**PROBLEM DETAILS:** Going through the material below, output exactly the lines from the one containing "13387_hdp_highpointe_160906_ext_sign1.jpg" through the one containing "Kobieta odpoczynku blisko", and no pictures.
-----
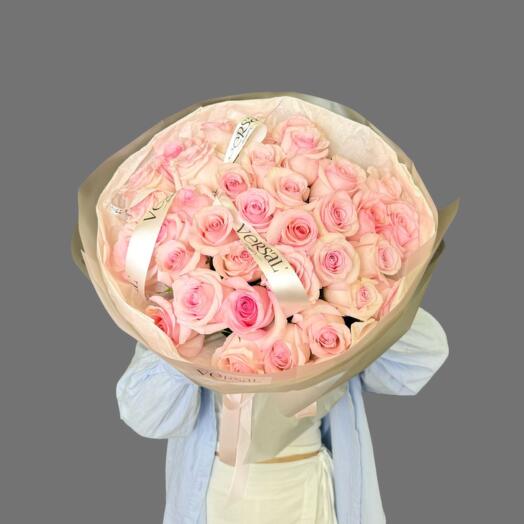 «Праздник сердца» — букет L из 35 роз 50 см (нежно-розовые)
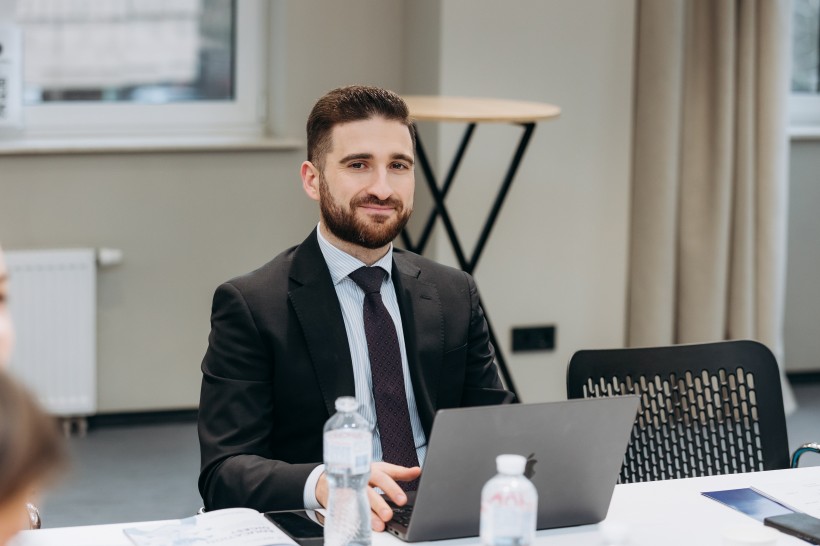 Over 35 governments and 90 international organizations provide systematic support to Ukrainian education: the Ministry of Education and Science strengthens international partnerships
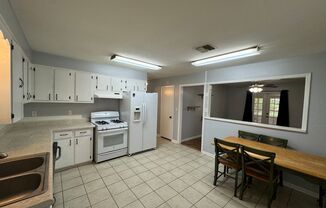 3 beds, 1 bath, $1,300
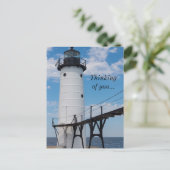 Manistee Phare Penser À Vous Carte Postale (Debout devant)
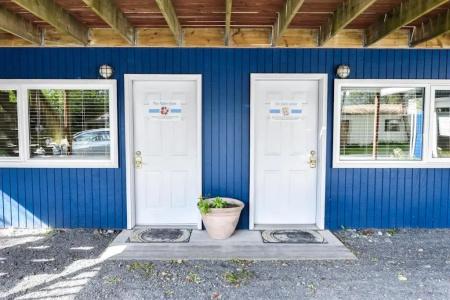 Sea Treasures Inn - 43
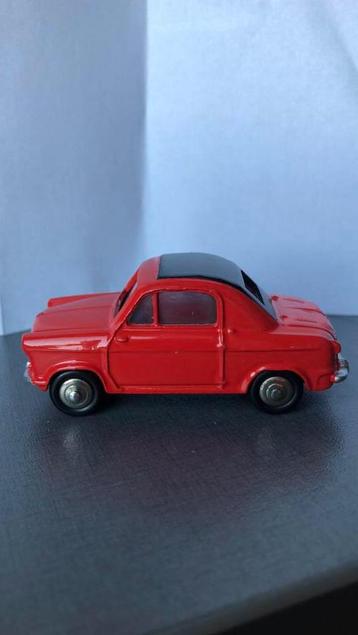 DINKY TOYS VESPA 2 CV nr 24L beschikbaar voor biedingen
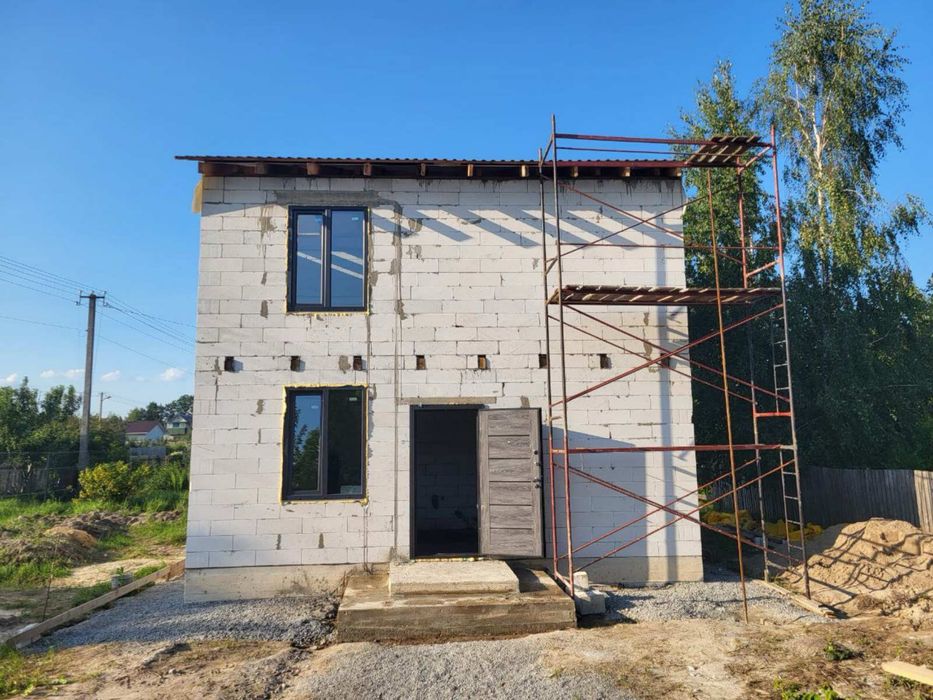 Продаж будинку в передмісті Житомира.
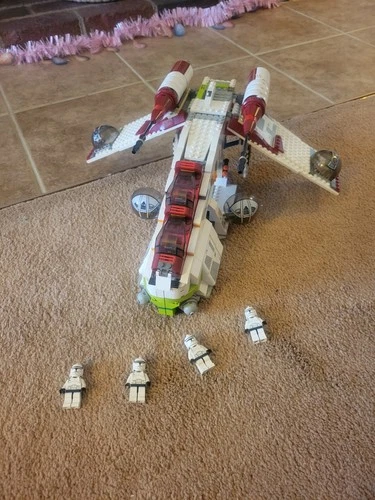 LEGO Star Wars: Republic Gunship (7163) 99% Complete 4 Clone Figures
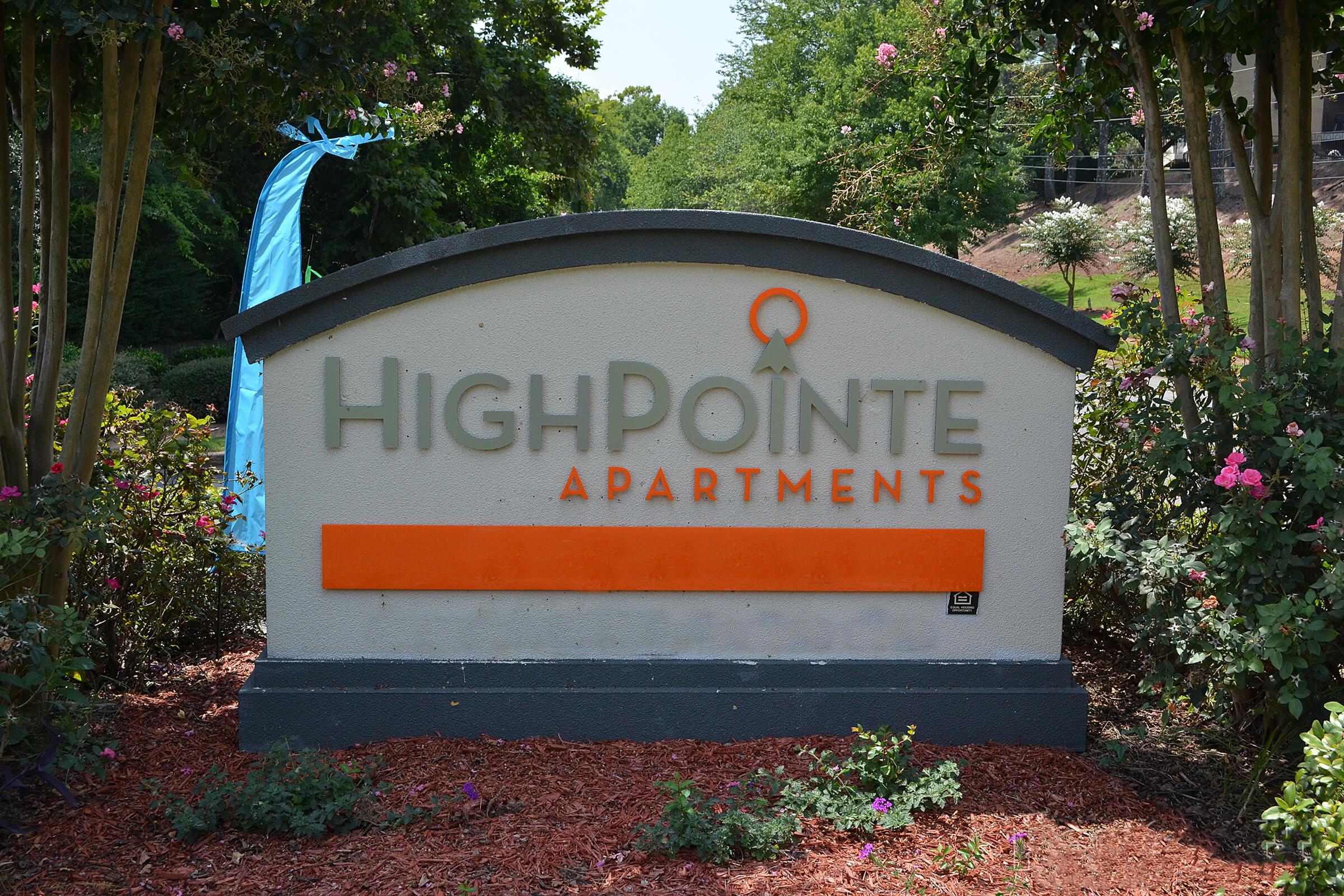 13387_hdp_highpointe_160906_ext_sign1.jpg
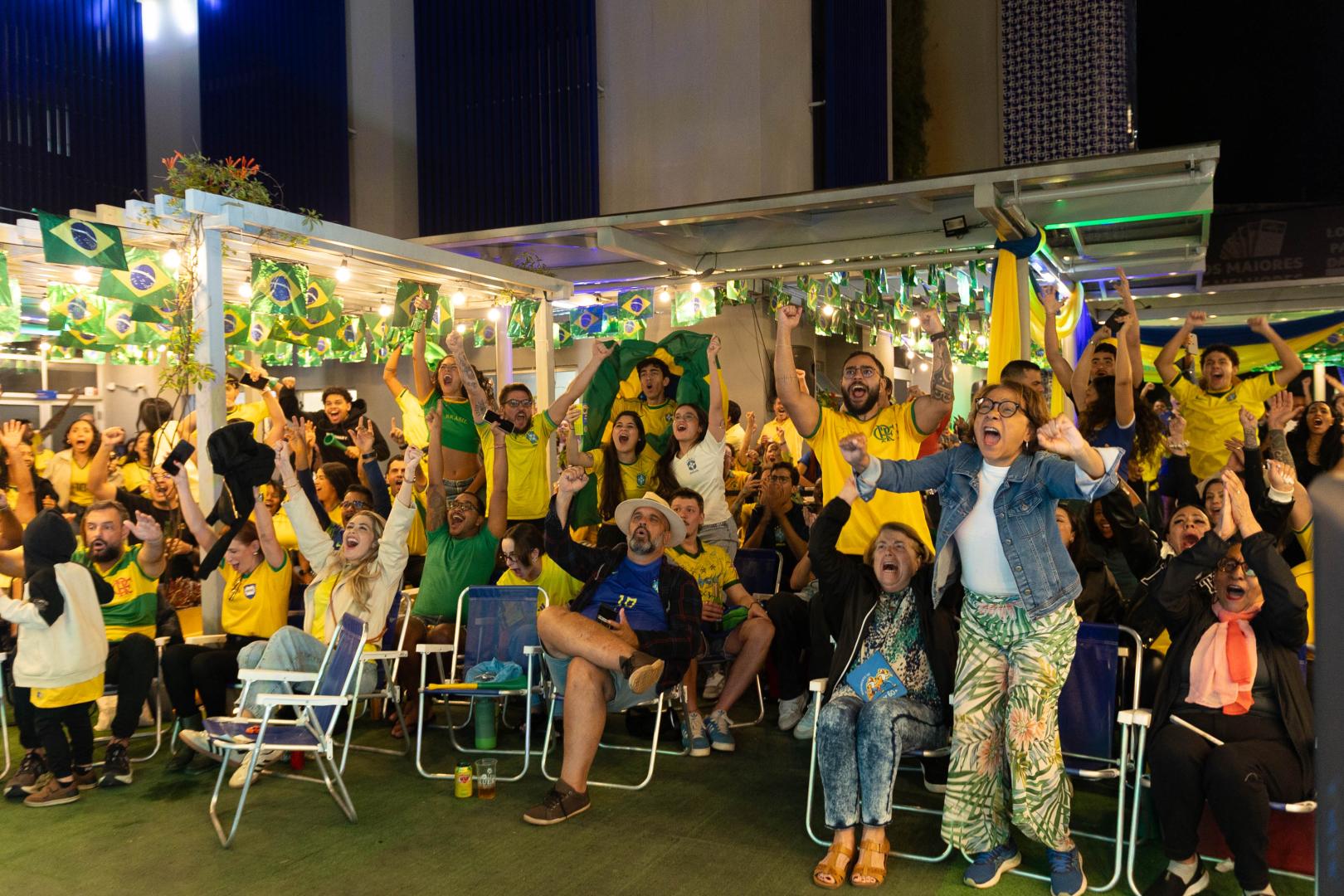 Sesc da 504 Sul terá transmissão de Brasil x Japão com samba, DJ e food trucks na segunda (29)
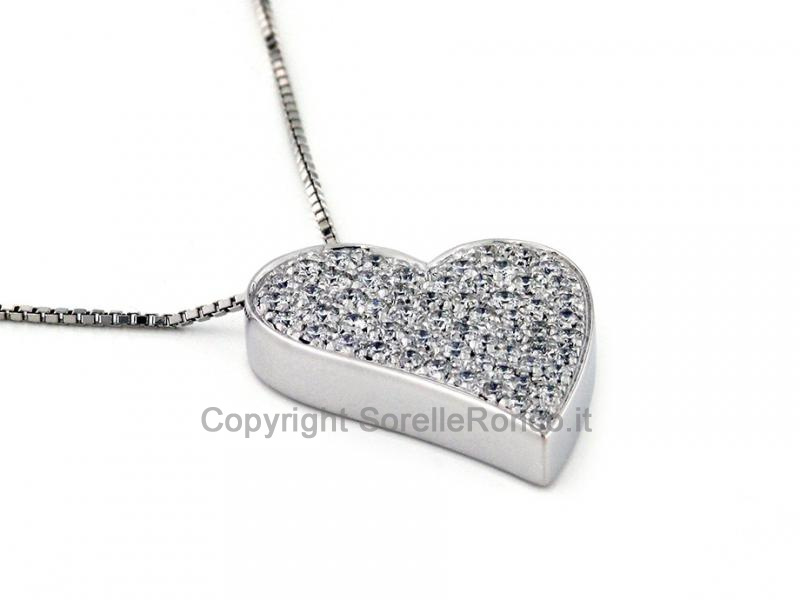 COLLANA PENDENTE CUORE E DIAMANTI 0.90CT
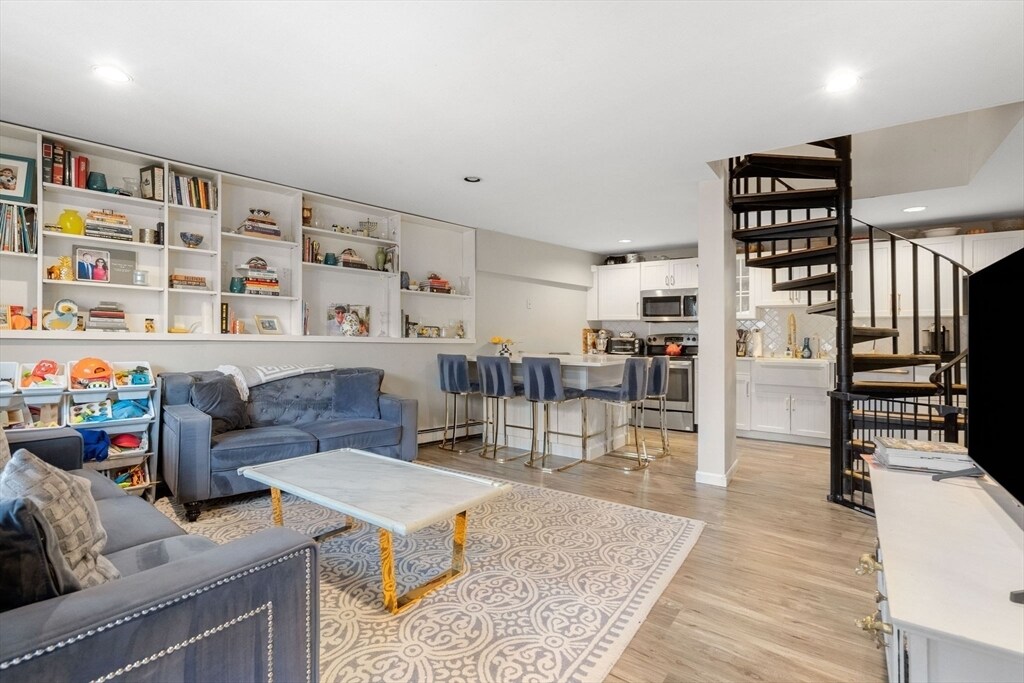 Building Photo - 55 Russell St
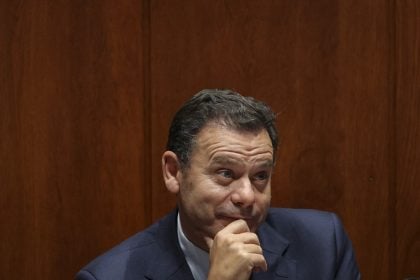 Portugal aprova lei que dificulta o acesso à cidadania e endurece ainda mais a política migratória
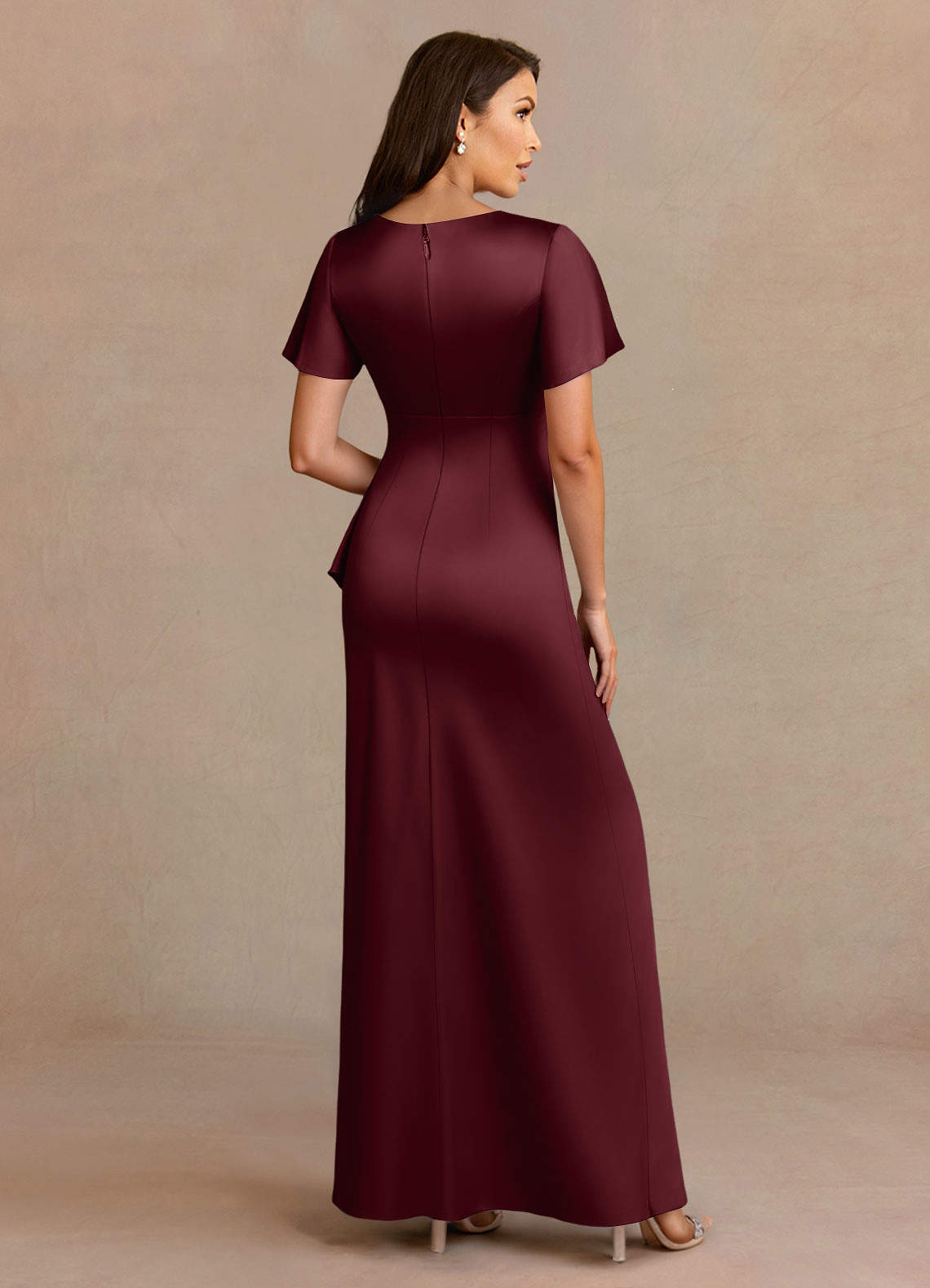 Azazie Robins vestidos de madre de la novia Vestido de Cabernet de Satén Elástico de Corte En A con Plisado image3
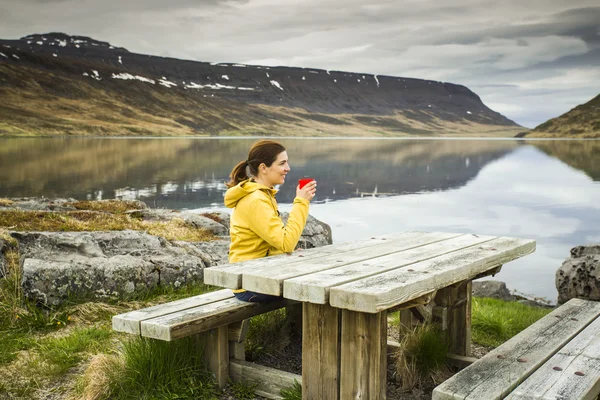 Kobieta odpoczynku blisko pięknego jeziora — Zdjęcie stockowe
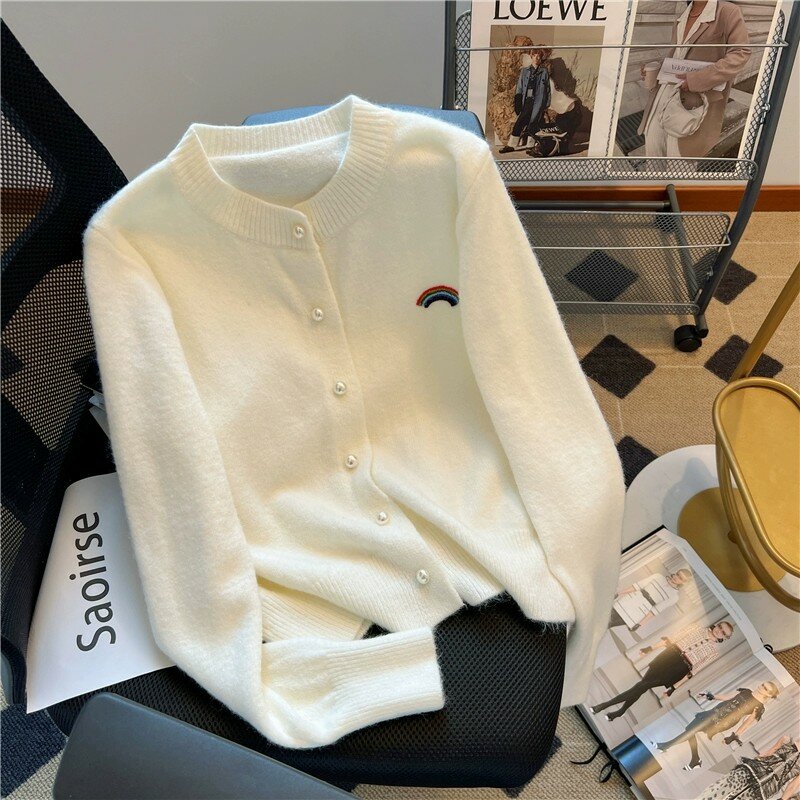 Koreański modny jednorzędowy sweter z dzianiny z okrągłym dekoltem 2023 jesienno-zimowym prosty luźny sweter z miękkim perłowe guziki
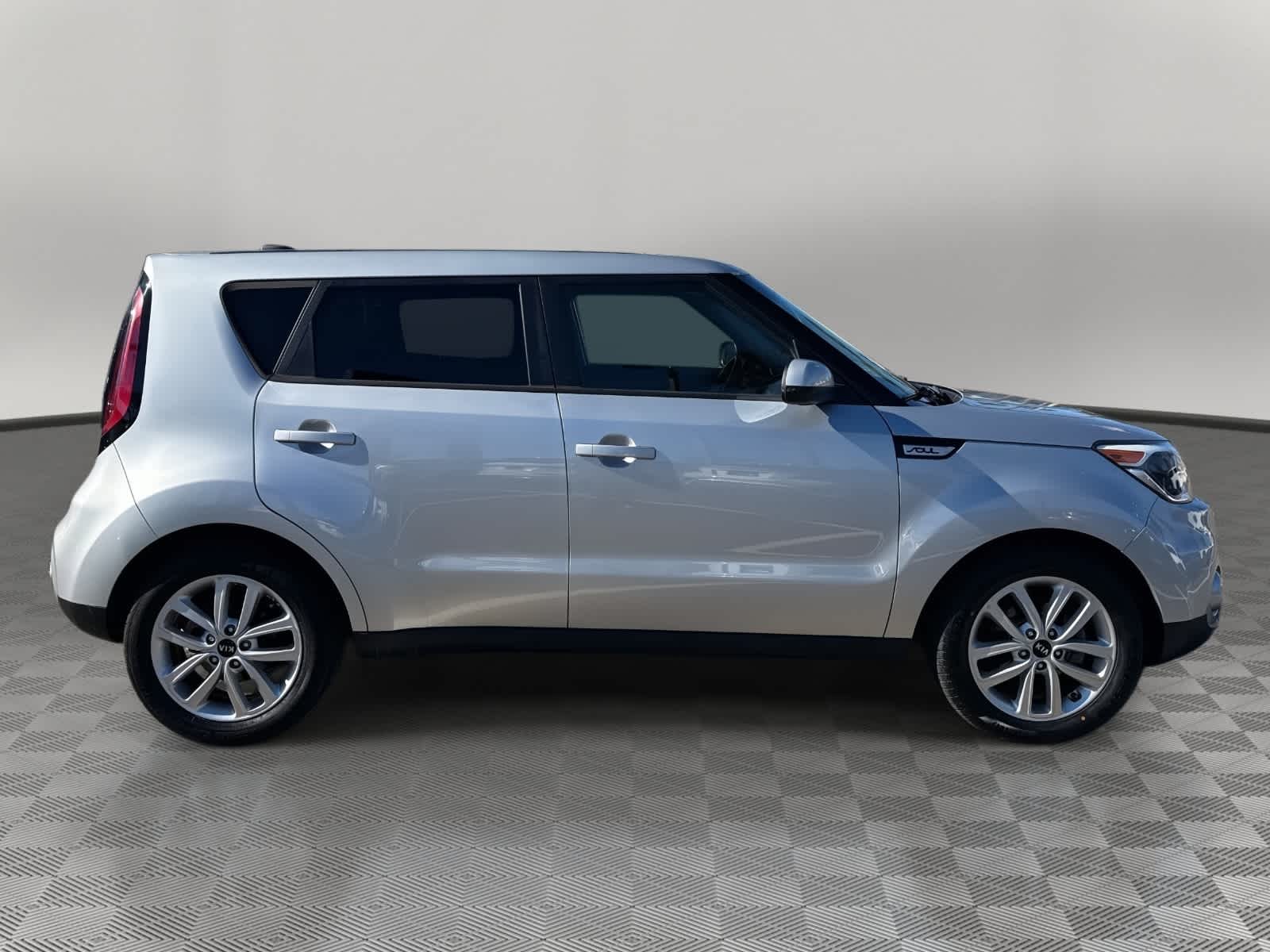2018 Kia Soul + Auto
-----
**SOLUTION TO THIS PROBLEM:**
 13387_hdp_highpointe_160906_ext_sign1.jpg
 Sesc da 504 Sul terá transmissão de Brasil x Japão com samba, DJ e food trucks na segunda (29)
 COLLANA PENDENTE CUORE E DIAMANTI 0.90CT
 Building Photo - 55 Russell St
 Portugal aprova lei que dificulta o acesso à cidadania e endurece ainda mais a política migratória
 Azazie Robins vestidos de madre de la novia Vestido de Cabernet de Satén Elástico de Corte En A con Plisado image3
 Kobieta odpoczynku blisko pięknego jeziora — Zdjęcie stockowe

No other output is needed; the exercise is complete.